This is the documentation page for the SPI_servo and I2C_SERVO boards. That can you can buy in the BitWizard shop.
This module enables you to easily control upto 7 servomotors over an SPI or I2C interface, while needing minimal resources from your CPU.
The PCB is equipped with two SPI or I2C connectors, so daisychaining multiple SPI or I2C modules is possible.
This allows you to control a chain of boards with only 4 data lines (MOSI, MISO, SS and SCK) for SPI or two lines (SDA, SCL) for I2C. This is not only pin-saving, but is is also possible do daisy-chain multiple modules (we will be releasing even more boards with other functions in the very near future)!
The board can be used with all microcontrollers, such as the Atmel AVR, Arduino/Freeduino boards, Microchip PIC, Raspbery PI etcetera.
For small servos, the power supplied by the SPI or I2C connector is enough. However current surges of up to a whole ampere are easily achieved even when two or three smaller servos need to move simultaneously. For larger servos however, the voltage drop may be to high. We suggest conneting an auxillary 5V power source to the PCB, and move the jumper.
For the SPI connector see: SPI_connector_pinout.
for the I2C connector see: I2C_connector_pinout
The pinout is standard for servo-motors;
Pin one is located closest to the side of the board.
Besides the seven servo outputs, there is an eighth header:
This can be used to provide power to the servos. For example, mosts ESCs have a BEC on board. These would fit on this connector, leaving the PWM signal pin unconnected.

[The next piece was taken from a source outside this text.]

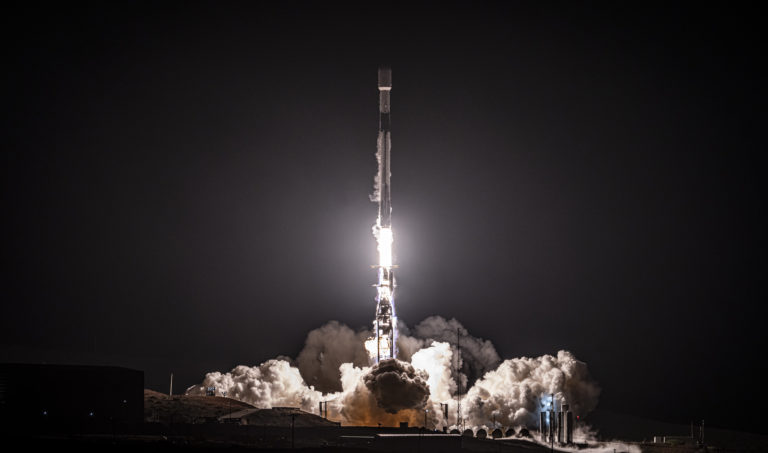 Raketa Falcon spoločnosti Space-X vyniesla na obežnú dráhu 114 družíc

Recent versions of the board allow you to disconnect the servo-power from the SPI (or I2C) bus power. Allowing you to keep the "clean" 5V for the raspberry pi and the "dirty" 5V for the servos separate.
|2||5Vservo||5V for the servos|
|3||5V bus||5V from the SPI or I2C bus.|
The idea here is that you can connect your powersupply ground and 5V on 1-2, or a jumper on the 2-3 position to power the servos from the bus.
Keep in mind that even a small 9g servo will draw at least 500mA when you tell it to "suddenly" change position. So if your powersupply isn't powerful enough, 7 servos going to a new position may crash your BitWizard Servo board, or even your raspberry pi.
One LED is the normal power-LED. It is powered from the serial-bus-5V.
The other led, next to the servo connectors, shows you the status of the 5V that powers the servos. If for example, you forget to connect the jumper (2-3) for bus-powered servos, the led will show you that.
Solder jumper (on bottom layer): ICSP-Enable. CAUTION! Pin 1 and 2 are connected by a narrow PCB track. Cut this if you want to change this jumper setting.
1-2: Default: Both SPI connectors connected in parallel.
2-3: ICSP enabled; programming the MCU over the 6-pin connector. This connector may be marked SPI1 or SPI3 (near the edge of the board, furthest from the CPU.)
For the intro to the SPI and I2C protocols read: SPI versus I2C protocols
The board specific protocol can be found here: Servo_1.0_protocol
You should also read the General_SPI_protocol notes.
For arduino, a sample PDE is available, called ardemo_lcd.pde, also at BitWizard software download directory .
This is a demo to send things using SPI to the lcd board. The SPI routines there are applicable for SERVO boards as well.
Future hardware enhancements
Future software enhancements
- Added jumper/power connector for (external) servo power.